What do Russia, Exxon Mobil, and ISIS have in common? Not much, except that they’re all grappling with an inconvenient but incontrovertible truth: a sudden, significant, and prolonged shift in the price of oil changes the world.
That truth was on display in 1974, and it’s on display again now. Over the course of just a few months in 1973-1974, the price of oil surged from $3 to $12 per barrel. The new price created new global economic powers: oil-producing countries primarily in the Middle East and North Africa. It also dealt a severe blow to the economies of the United States, Europe, Japan, and other oil importers. The oil shock altered power relations between the world’s main geopolitical players and created new ones. Higher oil prices had many unexpected consequences—from breeding oil wars to fueling the
international spread of Islamic fundamentalism thanks to funding from newly super-rich countries like Saudi Arabia. Today’s drop in crude-oil prices, which began in the summer of 2014, may be as disruptive as the quadrupling of oil prices that created the oil shock of 1974.
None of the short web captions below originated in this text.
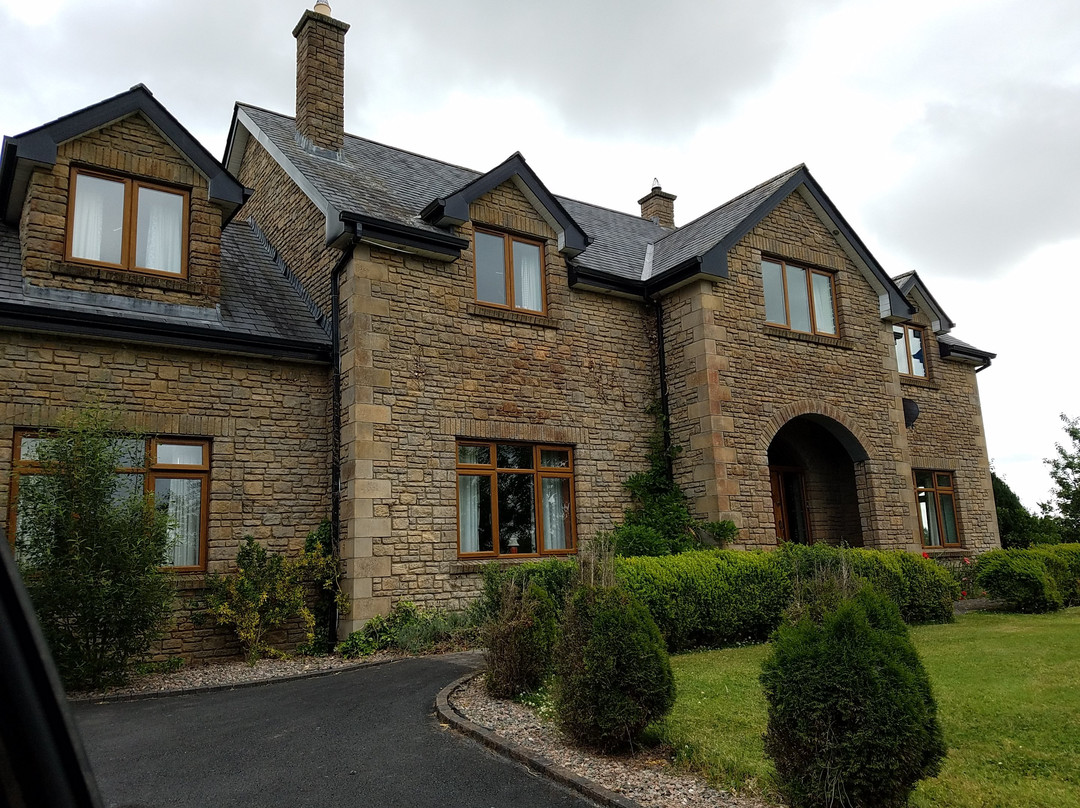 Drumbo Lodge B&B主图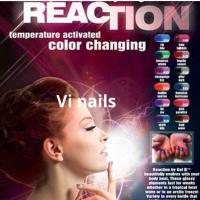 Vi Nails Logo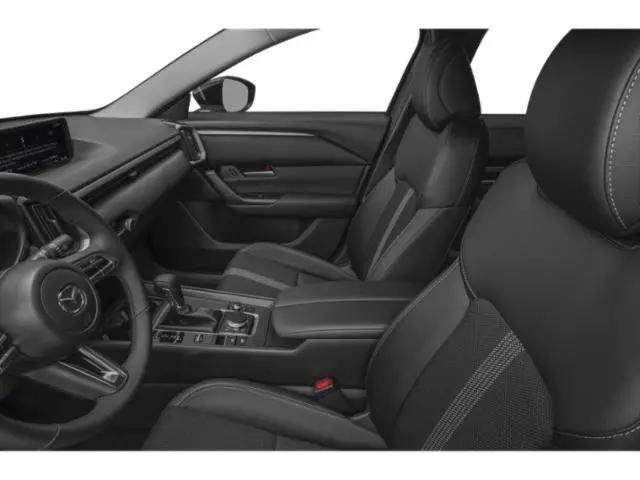 2026 Mazda CX-50 2.5 S Select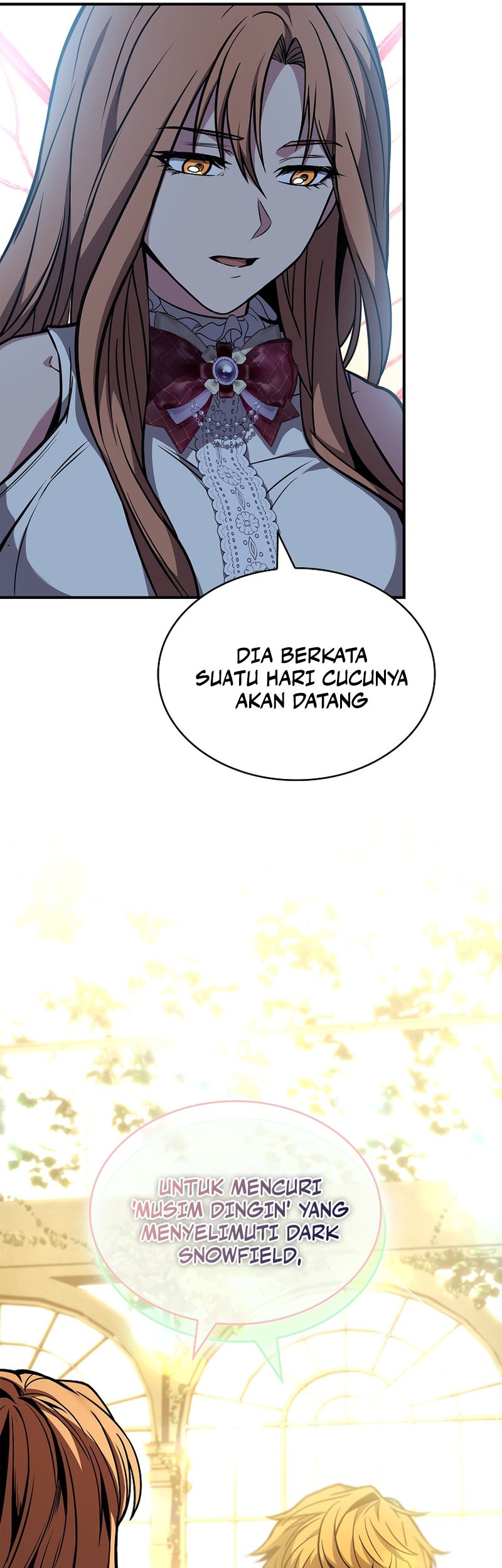 Talent-Swallowing Magician Chapter 72 page 22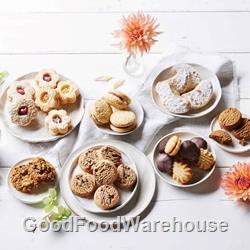 Best Biscuits for Gifts & Hampers | House of Biskota | Good Food Warehouse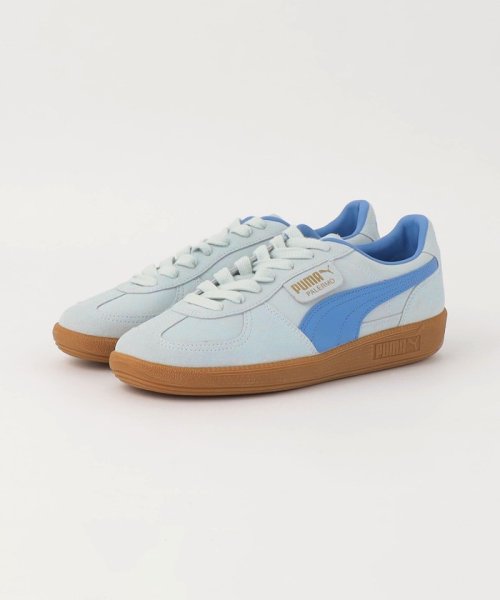 green label relaxing(グリーンレーベルリラクシング)/＜PUMA＞PALERMO パレルモ スニーカー/img01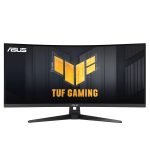 ASUS TUF Gaming VG34VQ3B 34 inch 180Hz 1ms WQHD Adaptive Sync VA Curved Gaming Monitor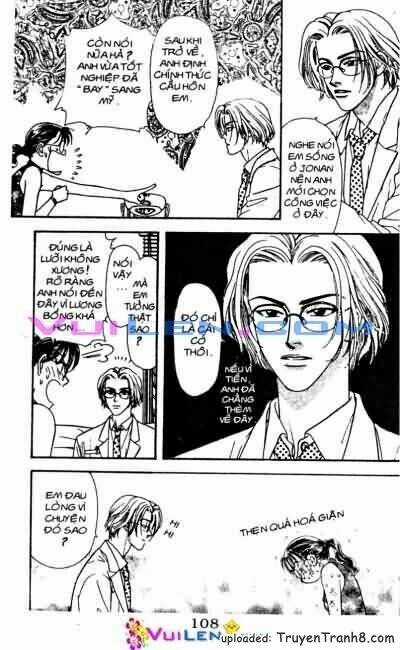 Công tử nghèo Chapter 18 trang 32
Some of the effects of this decline in oil prices have been clear and immediate; picture happy Americans at gas stations and frantic government officials in oil-exporting countries forced to cut public budgets and consequently risk social and political turmoil.
In Russia, for instance, the ruble has suffered a steep devaluation, stock-market prices have fallen, the Central Bank’s reserves are shrinking, capital is fleeing the country, export revenues are down, and foreign investment has practically dried up. Russia’s sovereign bonds have been downgraded to junk status by credit-rating agencies. All of this largely stems from contracting oil and gas revenues (which account for 68 percent of Russia’s total export revenues and 50 percent of its federal-budget revenues) and economic sanctions imposed by the United States and Europe as a result of the Kremlin’s behavior toward Ukraine. Some fear that a belligerent Vladimir Putin could stir trouble abroad to distract from the deteriorating economic situation at home.